[Exercise prompt]
Write out each line of the material again, word for word.

[Information supplied]
::::::::::

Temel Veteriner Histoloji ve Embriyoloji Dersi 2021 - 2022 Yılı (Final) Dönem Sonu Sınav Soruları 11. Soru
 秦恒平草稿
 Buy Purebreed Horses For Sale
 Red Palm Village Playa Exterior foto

::::::::::

[Task response]
Temel Veteriner Histoloji ve Embriyoloji Dersi 2021 - 2022 Yılı (Final) Dönem Sonu Sınav Soruları 11. Soru
 秦恒平草稿
 Buy Purebreed Horses For Sale
 Red Palm Village Playa Exterior foto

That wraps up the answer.